Directions
Once you reach the line containing "1 Yard Fretwork" in the data below, restate each line word for word up to and including the one containing "Luxurious house 180m²".

(Stored records)
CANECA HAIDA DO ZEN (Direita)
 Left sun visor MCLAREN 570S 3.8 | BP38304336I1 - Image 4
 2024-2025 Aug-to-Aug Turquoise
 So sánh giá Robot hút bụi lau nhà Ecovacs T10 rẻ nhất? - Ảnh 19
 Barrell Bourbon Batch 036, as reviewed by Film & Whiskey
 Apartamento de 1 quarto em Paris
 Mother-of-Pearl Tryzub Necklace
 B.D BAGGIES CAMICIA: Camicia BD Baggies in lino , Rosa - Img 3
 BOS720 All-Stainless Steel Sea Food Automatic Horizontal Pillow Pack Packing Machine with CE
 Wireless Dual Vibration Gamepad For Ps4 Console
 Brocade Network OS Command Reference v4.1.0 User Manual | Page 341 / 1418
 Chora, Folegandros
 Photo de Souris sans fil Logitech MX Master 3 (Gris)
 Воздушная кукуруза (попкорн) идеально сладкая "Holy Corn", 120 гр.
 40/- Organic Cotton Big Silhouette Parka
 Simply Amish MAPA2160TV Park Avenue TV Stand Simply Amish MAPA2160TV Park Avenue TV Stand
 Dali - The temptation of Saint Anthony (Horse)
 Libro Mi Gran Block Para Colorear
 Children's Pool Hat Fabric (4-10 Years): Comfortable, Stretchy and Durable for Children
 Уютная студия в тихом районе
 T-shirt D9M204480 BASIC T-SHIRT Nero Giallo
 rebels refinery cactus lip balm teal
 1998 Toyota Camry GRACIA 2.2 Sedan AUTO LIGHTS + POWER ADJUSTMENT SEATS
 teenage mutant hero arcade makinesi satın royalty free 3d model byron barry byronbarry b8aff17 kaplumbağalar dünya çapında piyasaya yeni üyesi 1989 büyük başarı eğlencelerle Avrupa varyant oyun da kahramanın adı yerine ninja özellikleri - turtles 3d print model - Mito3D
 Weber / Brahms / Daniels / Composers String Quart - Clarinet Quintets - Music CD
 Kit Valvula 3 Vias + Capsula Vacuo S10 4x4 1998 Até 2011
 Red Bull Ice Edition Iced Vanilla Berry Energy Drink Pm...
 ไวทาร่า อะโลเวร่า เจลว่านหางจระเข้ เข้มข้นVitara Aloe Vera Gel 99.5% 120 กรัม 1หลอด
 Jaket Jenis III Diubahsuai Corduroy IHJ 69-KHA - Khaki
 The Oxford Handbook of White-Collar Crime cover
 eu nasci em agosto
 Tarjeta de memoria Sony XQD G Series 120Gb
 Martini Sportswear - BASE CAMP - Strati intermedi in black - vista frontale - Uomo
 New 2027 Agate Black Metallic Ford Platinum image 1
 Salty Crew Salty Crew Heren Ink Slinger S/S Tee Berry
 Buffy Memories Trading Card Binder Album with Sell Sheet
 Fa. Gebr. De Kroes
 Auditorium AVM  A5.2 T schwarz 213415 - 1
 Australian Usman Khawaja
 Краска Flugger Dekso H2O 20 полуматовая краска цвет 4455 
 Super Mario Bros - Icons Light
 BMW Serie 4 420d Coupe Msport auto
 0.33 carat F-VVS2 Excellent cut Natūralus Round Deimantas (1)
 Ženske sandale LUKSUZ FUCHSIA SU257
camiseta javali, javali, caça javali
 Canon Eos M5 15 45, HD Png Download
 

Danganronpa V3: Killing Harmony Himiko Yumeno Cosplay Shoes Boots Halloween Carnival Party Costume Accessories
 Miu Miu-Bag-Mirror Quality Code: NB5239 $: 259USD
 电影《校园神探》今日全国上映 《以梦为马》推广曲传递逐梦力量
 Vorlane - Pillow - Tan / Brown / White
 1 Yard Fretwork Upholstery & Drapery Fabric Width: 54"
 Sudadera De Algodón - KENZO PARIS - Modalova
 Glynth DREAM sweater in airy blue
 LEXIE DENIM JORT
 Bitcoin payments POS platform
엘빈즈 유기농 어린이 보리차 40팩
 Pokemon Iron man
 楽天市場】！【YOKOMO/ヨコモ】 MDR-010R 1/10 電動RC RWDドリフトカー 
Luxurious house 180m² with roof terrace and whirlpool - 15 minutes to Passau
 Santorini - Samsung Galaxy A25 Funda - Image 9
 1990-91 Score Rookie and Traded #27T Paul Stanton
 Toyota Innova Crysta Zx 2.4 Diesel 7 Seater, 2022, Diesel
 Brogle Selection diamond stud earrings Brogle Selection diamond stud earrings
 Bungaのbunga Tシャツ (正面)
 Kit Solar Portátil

Answer for this exercise
 1 Yard Fretwork Upholstery & Drapery Fabric Width: 54"
 Sudadera De Algodón - KENZO PARIS - Modalova
 Glynth DREAM sweater in airy blue
 LEXIE DENIM JORT
 Bitcoin payments POS platform
엘빈즈 유기농 어린이 보리차 40팩
 Pokemon Iron man
 楽天市場】！【YOKOMO/ヨコモ】 MDR-010R 1/10 電動RC RWDドリフトカー 
Luxurious house 180m² with roof terrace and whirlpool - 15 minutes to Passau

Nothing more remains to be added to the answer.